**What is expected**. Everything from the line that holds "Size XL Photo 3" through the end of the listing below must be retyped word for word, without any pictures.

**Given data**.

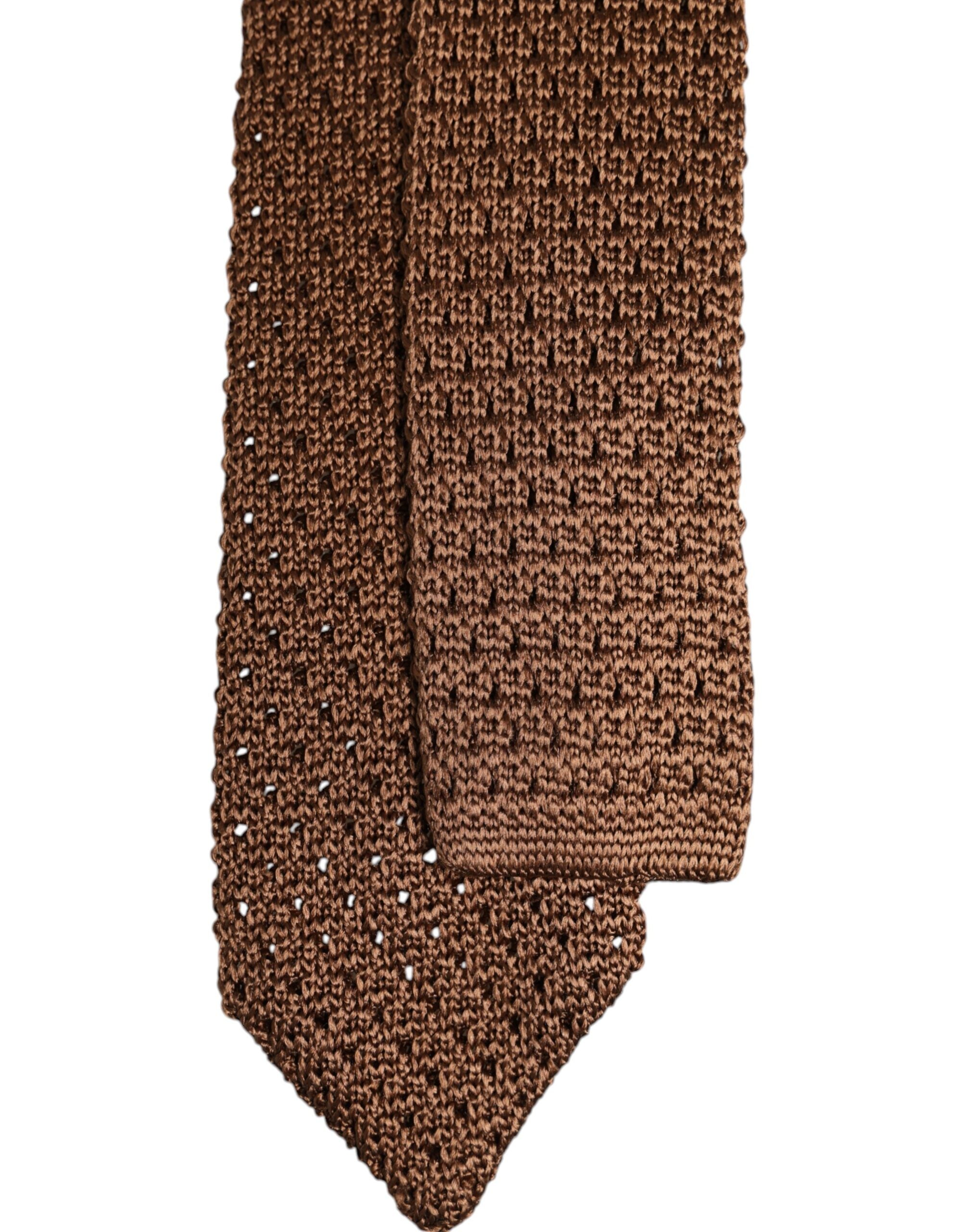 Dolce & Gabbana Brown 100% Silk Adjustable Necktie Men Accessory Tie
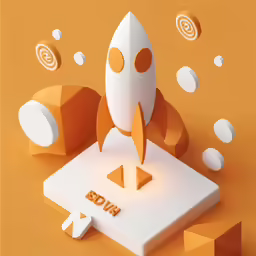 a toy rocket sitting on top of a white block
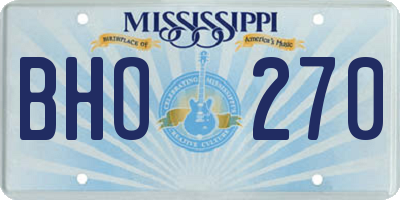 MS license plate BHO270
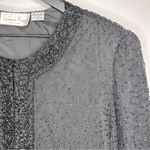 Laurence Kazar  Vintage Black Silk Beaded Evening Jacket Size XL Photo 3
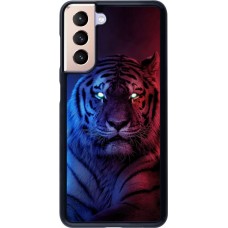 Coque Samsung Galaxy S21 5G - Tiger Blue Red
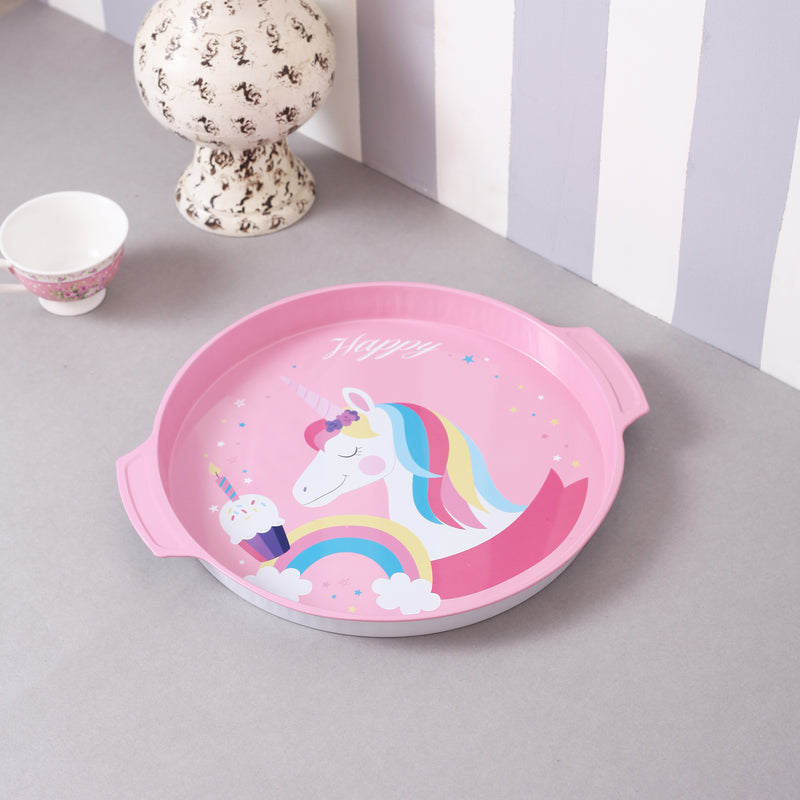 Round Pink Rainbow Unicorn Metal Tin Tray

**Your response**.
 Laurence Kazar  Vintage Black Silk Beaded Evening Jacket Size XL Photo 3
 Coque Samsung Galaxy S21 5G - Tiger Blue Red
 Round Pink Rainbow Unicorn Metal Tin Tray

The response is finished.